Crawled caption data
++++

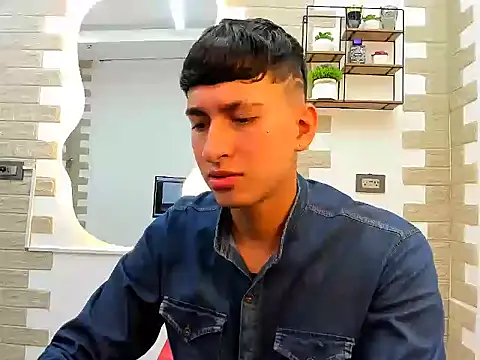 neithan sleitherx online show from February 1, 1:26 am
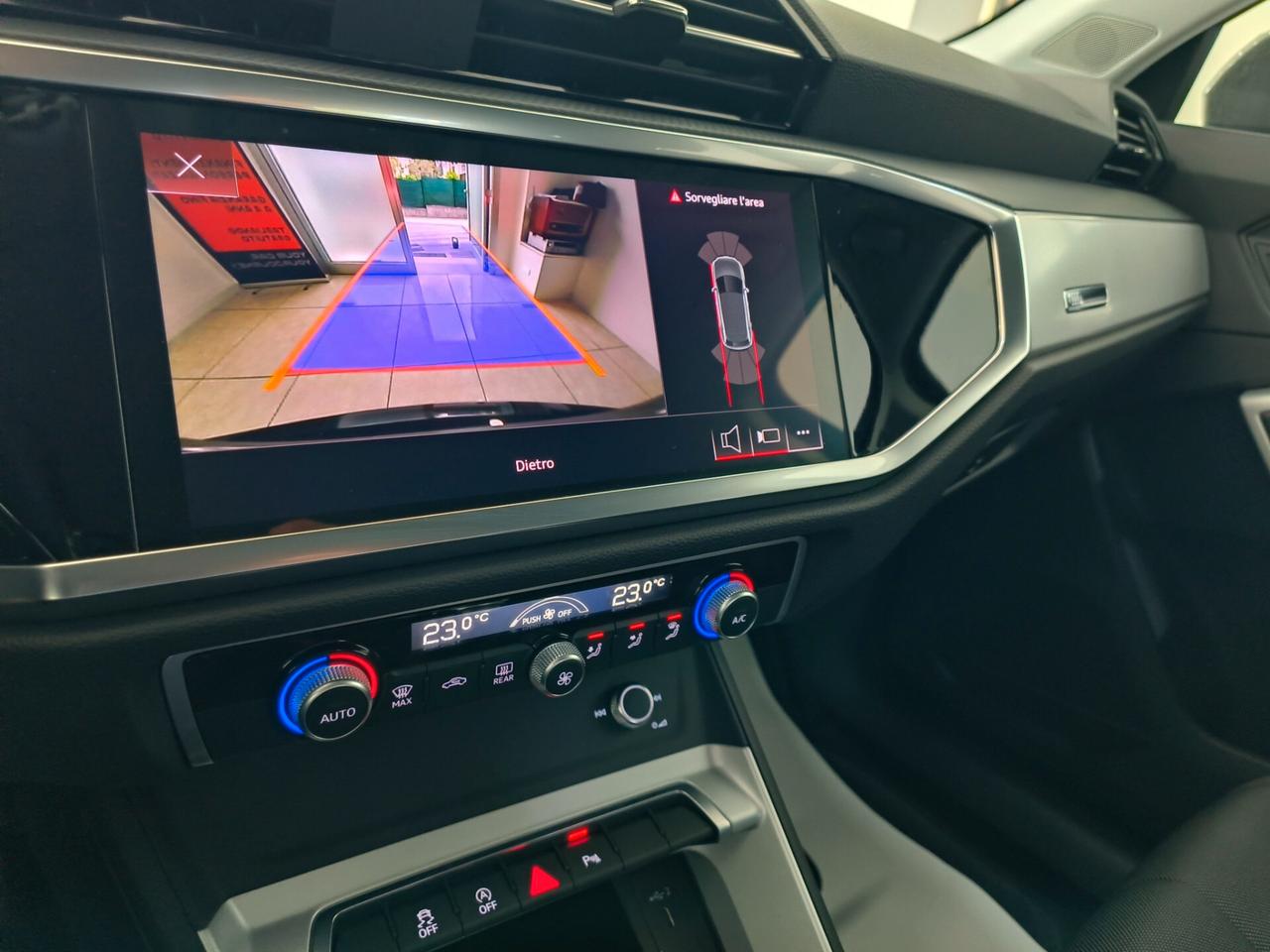 Audi Q3 35 TDI S tronic Business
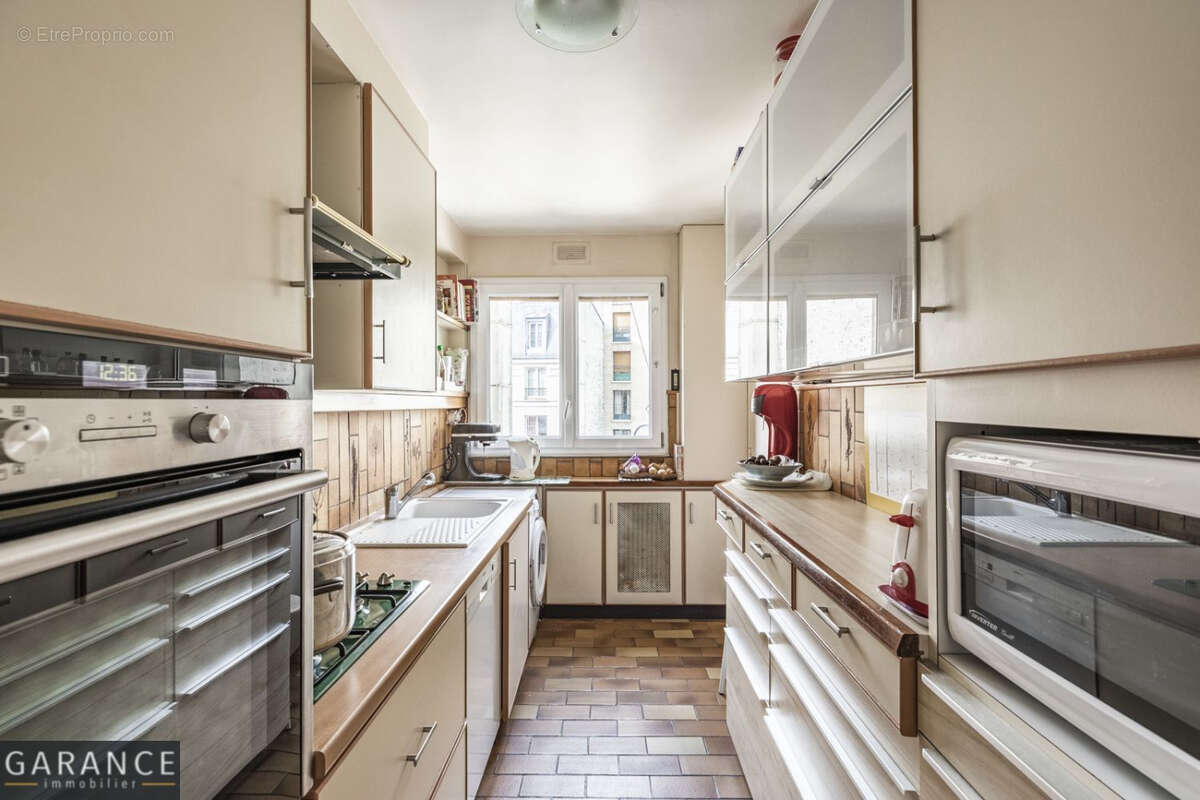 Appartement à PARIS-14E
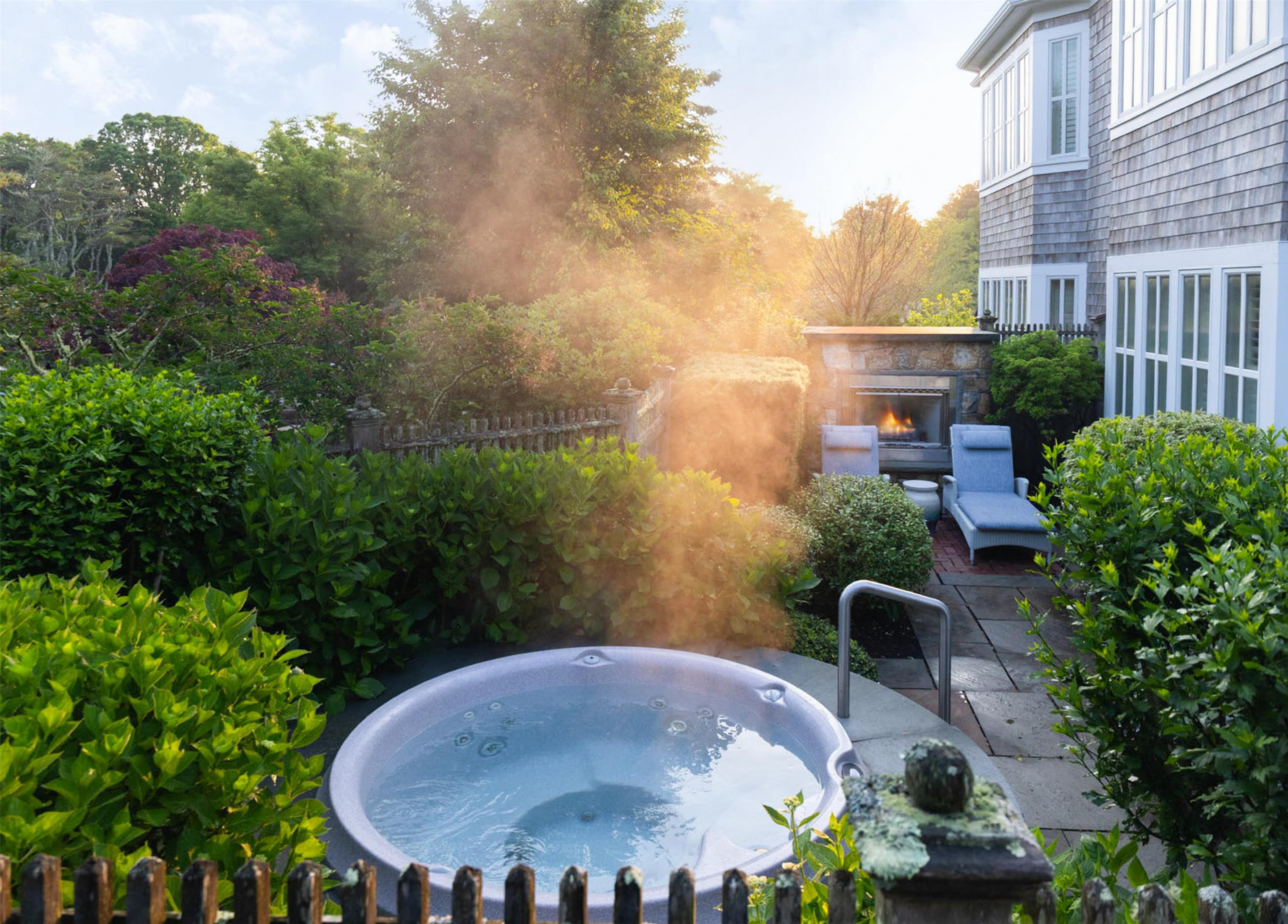 Ho tub | Wequassett Resort and Golf Club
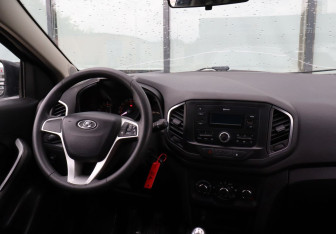 Подержанный автомобиль LADA (ВАЗ) XRAY 2019 года (16 фото)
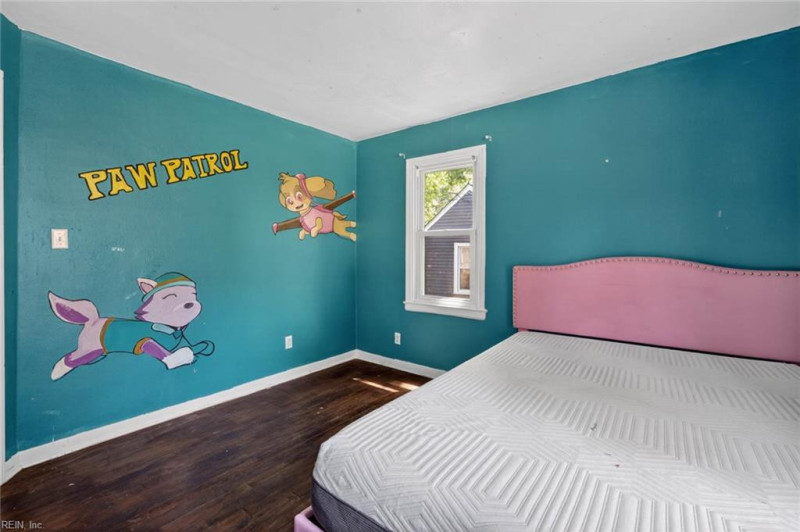 Photo 13 of 38 residential for sale in Portsmouth virginia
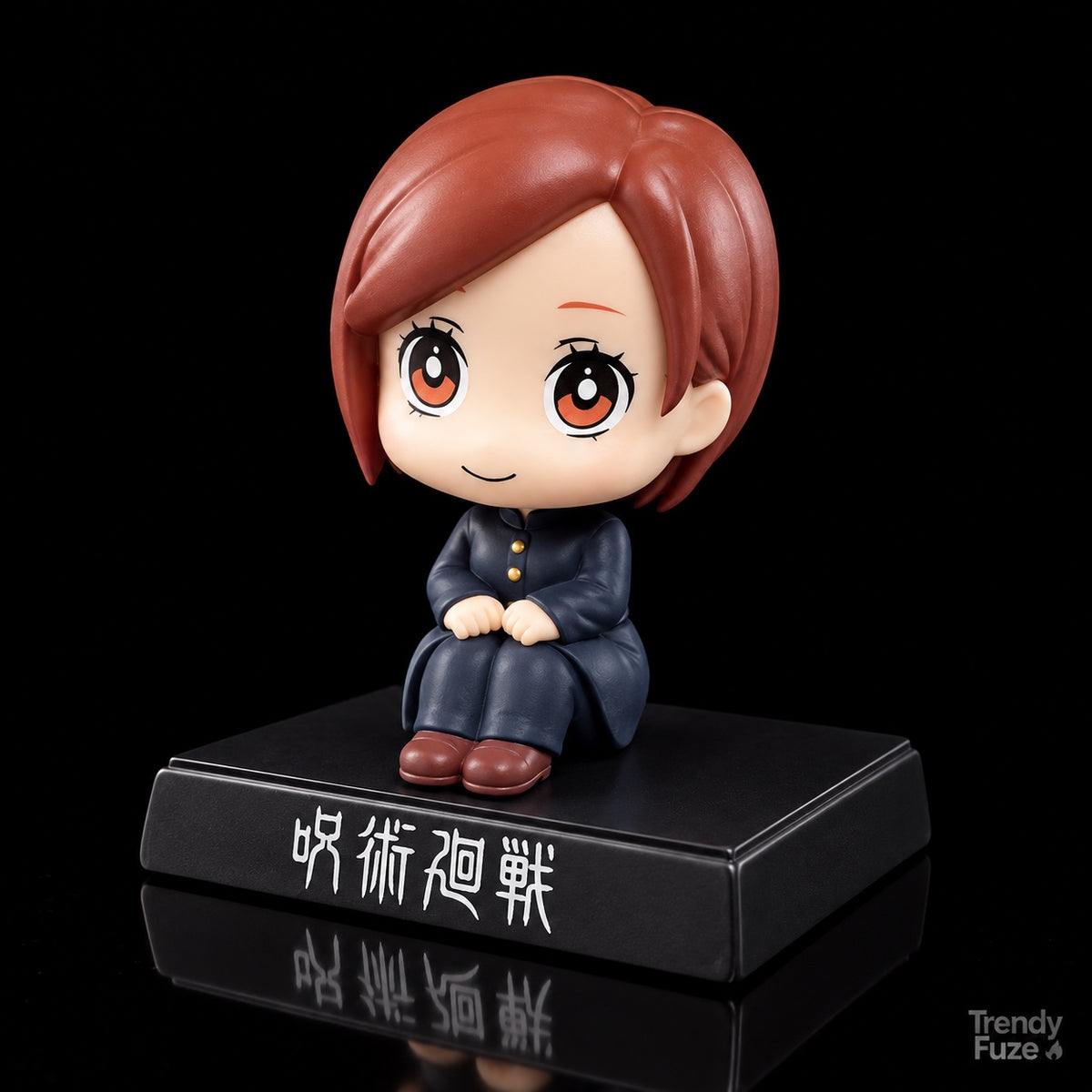 Nobara Kugisaki Jujutsu Kaisen chibi sitting figure from three-quarter angle on black Japanese-lettered display stand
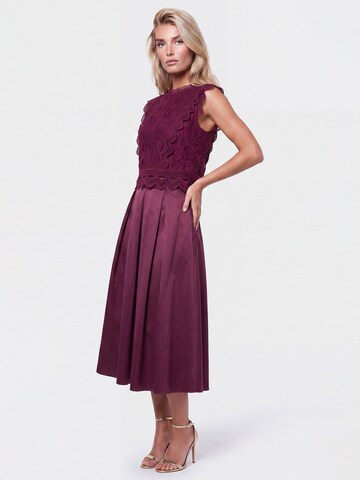 APART Skirt in Red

++++

§ **ACTIVITY**
Quote exactly, and nothing besides, the lines from the one with "Подержанный автомобиль LADA" through the end of the records above; include both ends and omit the pictures.

§ **REPLY TO THE EXERCISE**
 Подержанный автомобиль LADA (ВАЗ) XRAY 2019 года (16 фото)
 Photo 13 of 38 residential for sale in Portsmouth virginia
 Nobara Kugisaki Jujutsu Kaisen chibi sitting figure from three-quarter angle on black Japanese-lettered display stand
 APART Skirt in Red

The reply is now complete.